Progetto e regia sono di Gabriele Boccacini. Le musiche originali eseguite dal vivo sono di Riccardo Ruggeri. Con: Sara Ghirlanda, Dario Prazzoli, Stefano Bosco, Adriana Rinaldi.

L’ingresso è libero e gratuito.

Informazionihttps://www.carovana.org/.

L’Accademia del Tempo – Osservatorio della Contemporaneità propone un percorso di indagine transdisciplinare attraverso l’uso di strumenti interpretativi di natura artistica, filosofica, economica, scientifica, per riflettere sui processi di trasformazione dei linguaggi e delle estetiche della contemporaneità. In uno scenario globale in cui la condizione pandemica e di emergenza sanitaria ci allontana e ci isola, si riporta al centro il corpo, la sensorialità, l’empatia, l’arte partecipata alla comunità, la cura del sé e del pubblico/persona verso cui andare per ripartire, riaprire gli spazi dell’incontro e dello scambio, ritornare ad essere artisti della mobilità, dello spostamento dal vecchio al nuovo mondo.

Alcune iniziative del progetto sono state proposte nei giorni scorsi. Come La Finanza Collaborativa per uno sviluppo sostenibile, seminario che mercoledì ha visto protagonista Paolo Dini, esperto e ricercatore di sviluppo sostenibili e finanza collaborativa. Da oggi e sino a sabato ancora lo Stalker Teatro propone, negli spazi del polo bibliotecario di via Falzarego, Invisible cities, un laboratorio sulla composizione performativa e master class. he cos’è che fa una città: gli edifici? le persone? la storia? le visioni?

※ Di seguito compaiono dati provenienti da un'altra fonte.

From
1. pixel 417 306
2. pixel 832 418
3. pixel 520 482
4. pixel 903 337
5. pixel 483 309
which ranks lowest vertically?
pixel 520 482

Stalker Teatro.  Il nucleo artistico di Stalker Teatro lavora insieme da quando ha fondato il “Collettivo Politico” all’Accademia di Belle Arti di Torino nel 1975, il periodo d’oro del tumulto culturale e politico post ’68 in Italia. Questo ha lasciato un segno indelebile nel lavoro della compagnia, caratterizzato da un forte impegno nella sperimentazione artistica in situazioni socialmente sensibili e stimolanti.

I membri fondatori dello Stalker Teatro furono coinvolti con i rivoluzionari progetti di “animazione culturale” del Comune di Torino alla fine degli anni ’70 e aiutarono a creare il primo teatro giovanile di Torino a conduzione professionale nel 1976.

Nel 1981 hanno avviato una residenza nella più grande clinica psichiatrica italiana, a Grugliasco, che ha portato alla fondazione formale dello Stalker Teatro nel 1986, ispirato al film “Stalker” del regista russo Andrej Tarkovskij.

Negli anni ’90, durante una residenza di cinque anni a Cittadellarte, Stalker Teatro ha sviluppato importanti progetti con Michelangelo Pistoletto in Italia e in Europa in festival, teatri, università e prestigiosi musei di arte contemporanea.

Utilizzando uno stile distintivo sviluppato da eventi site specific, performance art e teatro partecipativo, Stalker Teatro si è esibito in tutte le principali location e festival in Europa e oltre.